Do this exercise to test your grammar again.

Grammar test 2

Conditionals 2: Grammar test 2

Language level

Intermediate: B1
Upper intermediate: B2


Hello Peter M
Thank you so much

hi im new

Hello, teachers,
I have some sentences of 3d conditionals to ask you,as i'm not sure if they are correct.
If I have known you had eaten,I wouldn't ask you to go to restaurant with me.
I wouldn't go to cinema with you, if I have seen it before.

thanks in advance.

Hi chenlyfen60,

As is explained above, normally third conditional sentences have a verb in the past perfect form after if and then a verb with would + perfect infinitive in the other part of the sentence. For example, your first sentence should be: "If I had known (past perfect) that you had eaten, I wouldn't have asked (would + perfect infinitive) you..."

With this in mind, why don't you try to correct your second sentence and then we can confirm if it's correct or not?

Best wishes,
The LearnEnglish Team

hello sir,
i have doubt when to use has been, have been and had been. am very much confused

Hi suruthika,

I would suggest that you read our present perfect and past perfect pages. This is because has been and have been are present perfect forms, and had been is a past perfect form.

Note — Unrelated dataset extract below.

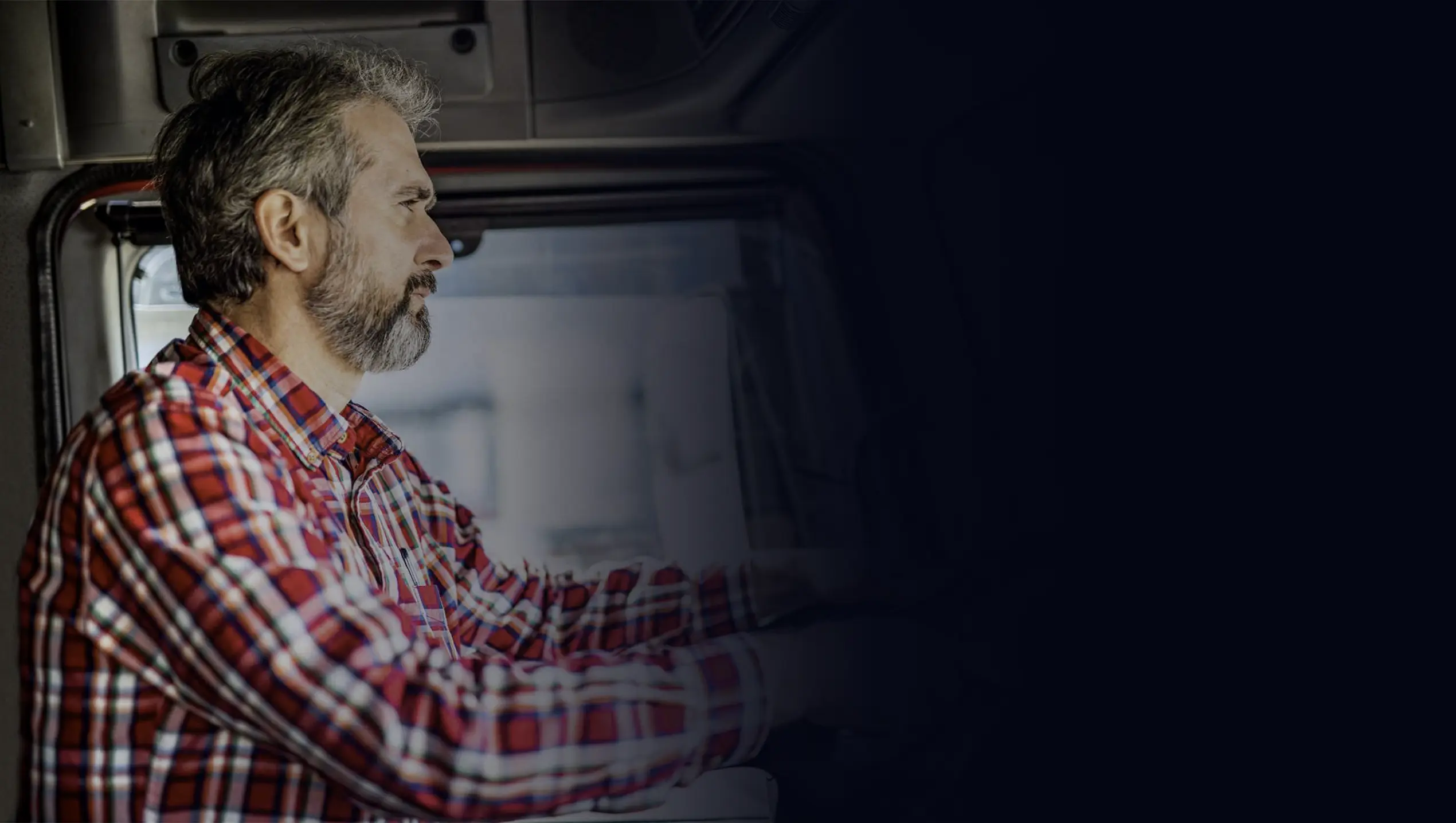 A man driving a bigrig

If it's not any clearer after working through those pages, please ask us again. The more specific your question is, the better we can help you.

Best wishes,
The LearnEnglish Team

I am new on this site,and I have a question of the preposition, as i don't know which one is right?
" I am coming for the party or I am coming to the party?"
thanks in advance.

Hi chenlyfen60,

Both are possible, but the meaning is slightly different.

I am coming for the party' tells us that the party is the reason for the person's journey. You might also say 'I am coming for the television' (to collect it), 'I am coming for the meeting' (to attend it) or 'I am coming for a holiday'.

I am coming to the party tells us that the person has been invited and will attend.

I hope that helps to clarify it for you.

Best wishes,



The LearnEnglish Team

Thanks a lot, it's very clear to me.

Dear Teacher ( The LearnEnglish Team),

Please kindly help to explain me regarding to below sentence:
She did ask her dad if she could have a big party, but the old spoilsport refused. Why do we use did before the word ask? What kind of this sentence? Many thanks for your kind explanation.